---------- COLLECTED DATA ----------
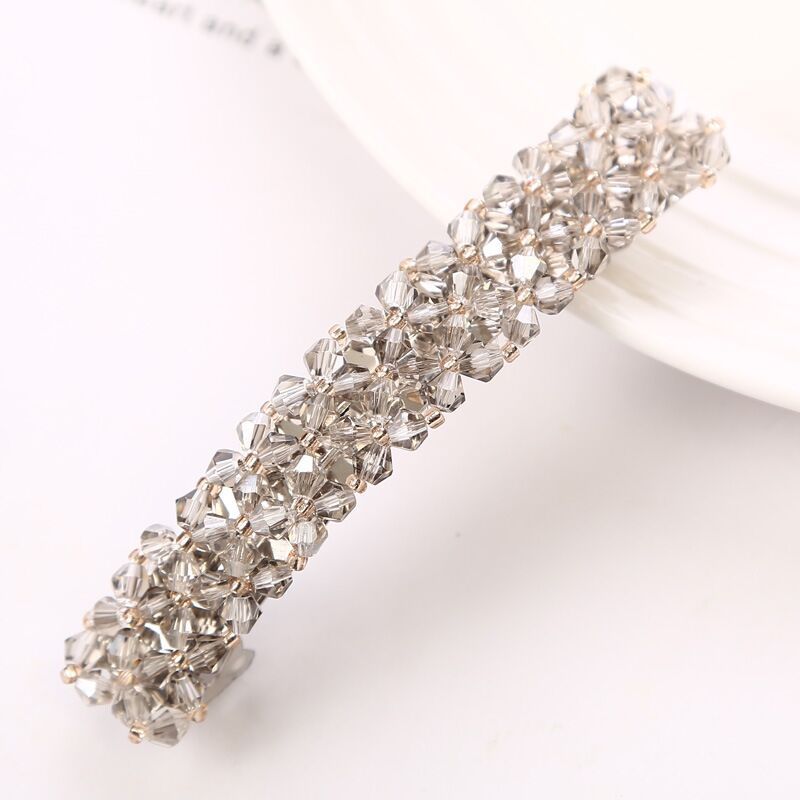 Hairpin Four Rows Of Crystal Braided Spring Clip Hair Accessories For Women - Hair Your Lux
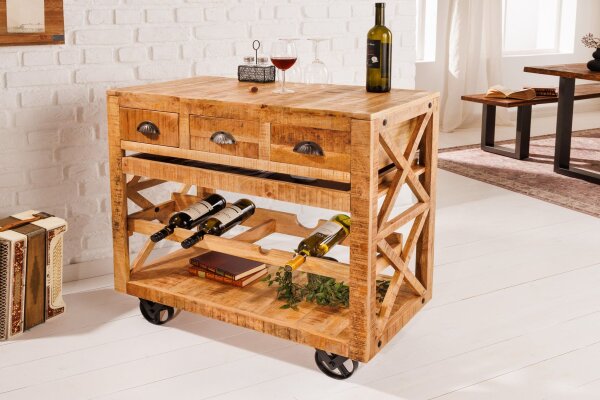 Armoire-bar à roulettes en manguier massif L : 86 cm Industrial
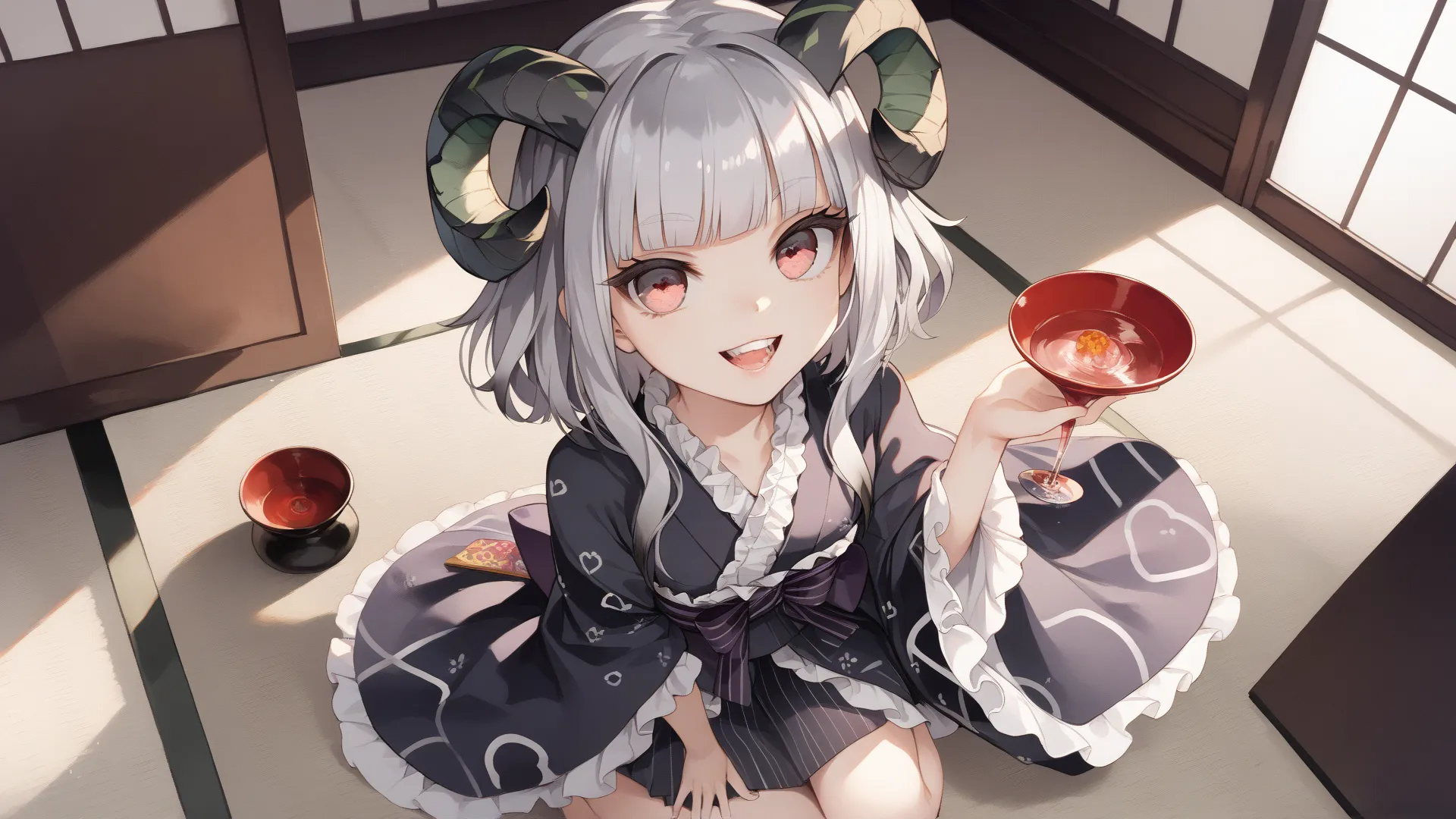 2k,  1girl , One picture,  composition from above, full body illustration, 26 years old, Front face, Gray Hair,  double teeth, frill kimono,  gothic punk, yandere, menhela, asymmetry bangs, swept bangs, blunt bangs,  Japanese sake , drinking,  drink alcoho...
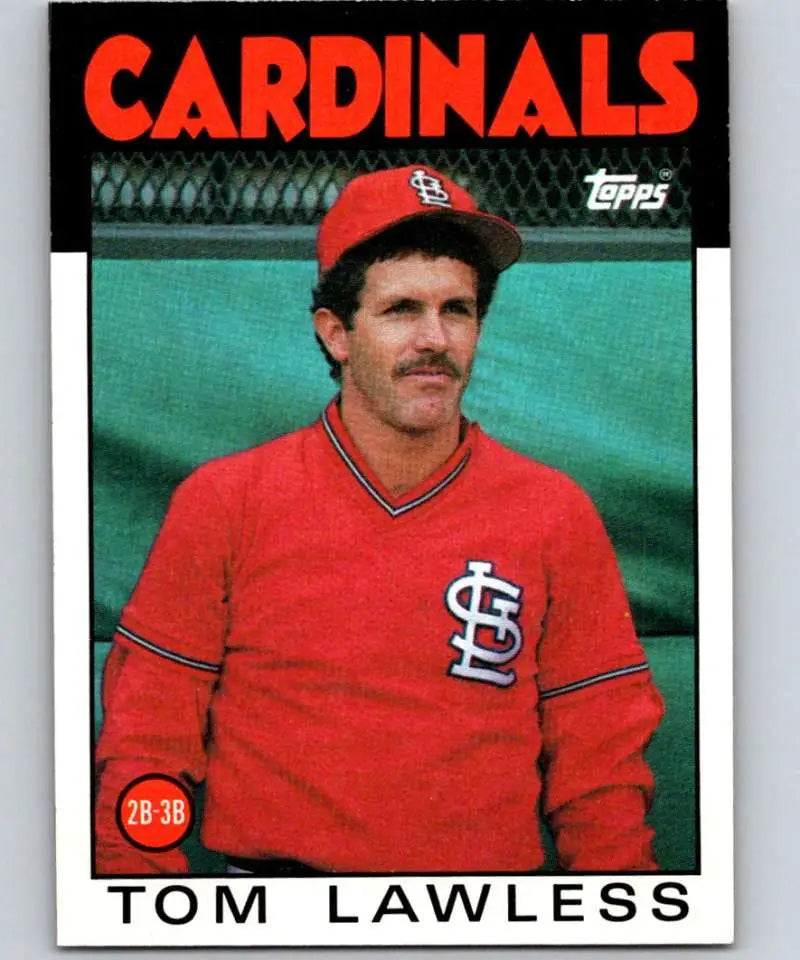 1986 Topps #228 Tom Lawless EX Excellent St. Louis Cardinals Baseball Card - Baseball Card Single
----------
AIM OF THE TASK> Your task is to repeat the data above exactly while excluding the pictures.

WRITTEN RESPONSE>
 Hairpin Four Rows Of Crystal Braided Spring Clip Hair Accessories For Women - Hair Your Lux
 Armoire-bar à roulettes en manguier massif L : 86 cm Industrial
 2k,  1girl , One picture,  composition from above, full body illustration, 26 years old, Front face, Gray Hair,  double teeth, frill kimono,  gothic punk, yandere, menhela, asymmetry bangs, swept bangs, blunt bangs,  Japanese sake , drinking,  drink alcoho...
 1986 Topps #228 Tom Lawless EX Excellent St. Louis Cardinals Baseball Card - Baseball Card Single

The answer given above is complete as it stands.